Bachmann Nadine, Turk Teja, Kadelka Claus, Marzel Alex, Shilaih Mohaned, Böni Jürg, Aubert Vincent, Klimkait Thomas, Leventhal Gabriel E, Günthard Huldrych F, Kouyos Roger
Department of Infectious Diseases and Hospital Epidemiology, University Hospital Zurich, Zurich, Switzerland.
Institute of Medical Virology, University of Zurich, Zurich, Switzerland.
Retrovirology. 2017 May 23;14(1):33. doi: 10.1186/s12977-017-0356-3.
Parent-offspring (PO) regression is a central tool to determine the heritability of phenotypic traits; i.e., the relative extent to which those traits are controlled by genetic factors.
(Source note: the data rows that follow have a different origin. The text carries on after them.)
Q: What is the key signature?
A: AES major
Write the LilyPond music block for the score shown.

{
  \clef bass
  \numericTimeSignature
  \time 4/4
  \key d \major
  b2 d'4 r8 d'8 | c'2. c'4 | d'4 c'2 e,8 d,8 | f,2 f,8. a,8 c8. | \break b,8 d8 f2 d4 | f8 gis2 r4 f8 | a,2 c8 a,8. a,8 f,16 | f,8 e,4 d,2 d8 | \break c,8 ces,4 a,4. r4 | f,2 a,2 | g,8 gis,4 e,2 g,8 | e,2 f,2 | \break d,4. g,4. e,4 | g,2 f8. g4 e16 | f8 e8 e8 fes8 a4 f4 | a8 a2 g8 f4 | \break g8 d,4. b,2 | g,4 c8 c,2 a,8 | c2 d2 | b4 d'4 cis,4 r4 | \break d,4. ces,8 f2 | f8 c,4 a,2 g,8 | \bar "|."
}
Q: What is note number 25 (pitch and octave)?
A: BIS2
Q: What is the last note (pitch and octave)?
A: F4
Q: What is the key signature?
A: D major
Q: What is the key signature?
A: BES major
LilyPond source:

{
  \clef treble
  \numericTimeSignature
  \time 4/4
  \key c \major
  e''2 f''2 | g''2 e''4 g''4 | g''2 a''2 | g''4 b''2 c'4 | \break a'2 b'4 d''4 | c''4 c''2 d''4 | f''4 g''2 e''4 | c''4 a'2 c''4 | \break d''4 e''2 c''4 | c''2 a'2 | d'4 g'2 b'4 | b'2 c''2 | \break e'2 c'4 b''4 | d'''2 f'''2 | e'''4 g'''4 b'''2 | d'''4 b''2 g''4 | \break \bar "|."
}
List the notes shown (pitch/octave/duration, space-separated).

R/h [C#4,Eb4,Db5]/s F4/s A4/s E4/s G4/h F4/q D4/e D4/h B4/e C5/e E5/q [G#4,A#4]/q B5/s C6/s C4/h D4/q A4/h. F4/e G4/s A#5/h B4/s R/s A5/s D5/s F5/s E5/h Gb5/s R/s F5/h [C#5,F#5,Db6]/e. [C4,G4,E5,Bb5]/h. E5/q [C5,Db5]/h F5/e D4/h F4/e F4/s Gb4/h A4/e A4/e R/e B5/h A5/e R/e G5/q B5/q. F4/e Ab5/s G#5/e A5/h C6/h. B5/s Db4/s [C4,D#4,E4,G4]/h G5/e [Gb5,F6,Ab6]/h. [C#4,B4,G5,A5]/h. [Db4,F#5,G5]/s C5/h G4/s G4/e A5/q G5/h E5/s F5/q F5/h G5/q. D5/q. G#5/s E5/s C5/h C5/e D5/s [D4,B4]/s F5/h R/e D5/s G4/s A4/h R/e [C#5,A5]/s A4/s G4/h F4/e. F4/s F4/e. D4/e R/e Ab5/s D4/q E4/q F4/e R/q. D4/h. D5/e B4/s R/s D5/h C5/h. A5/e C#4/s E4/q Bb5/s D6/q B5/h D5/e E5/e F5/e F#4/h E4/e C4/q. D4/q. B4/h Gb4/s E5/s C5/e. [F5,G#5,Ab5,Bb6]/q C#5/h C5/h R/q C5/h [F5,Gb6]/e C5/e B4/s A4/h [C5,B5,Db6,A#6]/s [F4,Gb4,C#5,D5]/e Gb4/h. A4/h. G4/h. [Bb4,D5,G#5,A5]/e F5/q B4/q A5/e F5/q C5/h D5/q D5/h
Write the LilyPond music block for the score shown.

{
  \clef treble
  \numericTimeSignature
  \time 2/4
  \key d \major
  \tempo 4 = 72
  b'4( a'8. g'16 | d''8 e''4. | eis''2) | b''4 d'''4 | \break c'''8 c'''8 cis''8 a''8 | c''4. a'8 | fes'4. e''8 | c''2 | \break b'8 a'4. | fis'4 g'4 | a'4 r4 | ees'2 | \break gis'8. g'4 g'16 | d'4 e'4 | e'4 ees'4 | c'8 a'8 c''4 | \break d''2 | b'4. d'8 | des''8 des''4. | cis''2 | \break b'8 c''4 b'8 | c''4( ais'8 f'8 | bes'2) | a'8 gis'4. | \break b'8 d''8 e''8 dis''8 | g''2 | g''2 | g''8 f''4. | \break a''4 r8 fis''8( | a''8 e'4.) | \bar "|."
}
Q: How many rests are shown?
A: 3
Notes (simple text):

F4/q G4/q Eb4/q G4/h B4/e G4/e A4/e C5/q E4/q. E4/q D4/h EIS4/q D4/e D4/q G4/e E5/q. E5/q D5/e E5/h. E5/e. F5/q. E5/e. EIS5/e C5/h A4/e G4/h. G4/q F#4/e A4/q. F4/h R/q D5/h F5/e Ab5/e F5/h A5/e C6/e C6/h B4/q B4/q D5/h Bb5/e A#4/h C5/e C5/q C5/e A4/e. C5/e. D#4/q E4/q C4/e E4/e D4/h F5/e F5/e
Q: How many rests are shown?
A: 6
The applicability of PO regression to viral traits is unclear because the direction of viral transmission-who is the donor (parent) and who is the recipient (offspring)-is typically unknown and viral phylogenies are sparsely sampled.
We assessed the applicability of PO regression in a realistic setting using Ornstein-Uhlenbeck simulated data on phylogenies built from 11,442 Swiss HIV Cohort Study (SHCS) partial pol sequences and set-point viral load (SPVL) data from 3293 patients.
We found that the misidentification of donor and recipient plays a minor role in estimating heritability and showed that sparse sampling does not influence the mean heritability estimated by PO regression. A mixed-effect model approach yielded the same heritability as PO regression but could be extended to clusters of size greater than 2 and allowed for the correction of confounding effects. Finally, we used both methods to estimate SPVL heritability in the SHCS. We employed a wide range of transmission pair criteria to measure heritability and found a strong dependence of the heritability estimates to these criteria. For the most conservative genetic distance criteria, for which heritability estimates are conceptually expected to be closest to true heritability, we found estimates ranging from 32 to 46% across different bootstrap criteria. For less conservative distance criteria, we found estimates ranging down to 8%. All estimates did not change substantially after adjusting for host-demographic factors in the mixed-effect model (±2%).
For conservative transmission pair criteria, both PO regression and mixed-effect models are flexible and robust tools to estimate the contribution of viral genetic effects to viral traits under real-world settings. Overall, we find a strong effect of viral genetics on SPVL that is not confounded by host demographics.
亲子回归是确定表型性状遗传力的核心工具;即这些性状受遗传因素控制的相对程度。亲子回归在病毒性状方面的适用性尚不清楚,因为病毒传播的方向——谁是供体(亲代)谁是受体(子代)——通常未知,而且病毒系统发育的样本稀少。
我们使用基于11442条瑞士HIV队列研究(SHCS)部分pol序列构建的系统发育的奥恩斯坦 - 乌伦贝克模拟数据以及来自3293名患者的设定点病毒载量(SPVL)数据,在现实环境中评估亲子回归的适用性。
我们发现供体和受体的错误识别在估计遗传力中起次要作用,并表明稀疏采样不影响亲子回归估计的平均遗传力。混合效应模型方法得出的遗传力与亲子回归相同,但可以扩展到大于2的聚类,并允许校正混杂效应。最后,我们使用这两种方法估计SHCS中的SPVL遗传力。我们采用了广泛的传播对标准来测量遗传力,发现遗传力估计值强烈依赖于这些标准。对于最保守的遗传距离标准,从概念上讲遗传力估计值预计最接近真实遗传力,我们发现在不同的自助抽样标准下估计值范围为32%至46%。对于不太保守距离标准,我们发现估计值低至8%。在混合效应模型中调整宿主人口统计学因素后,所有估计值变化不大(±2%)。
对于保守的传播对标准,亲子回归和混合效应模型都是灵活且稳健的工具,可用于估计现实环境中病毒遗传效应对病毒性状的贡献。总体而言,我们发现病毒遗传学对SPVL有很强的影响,且不受宿主人口统计学因素的混淆。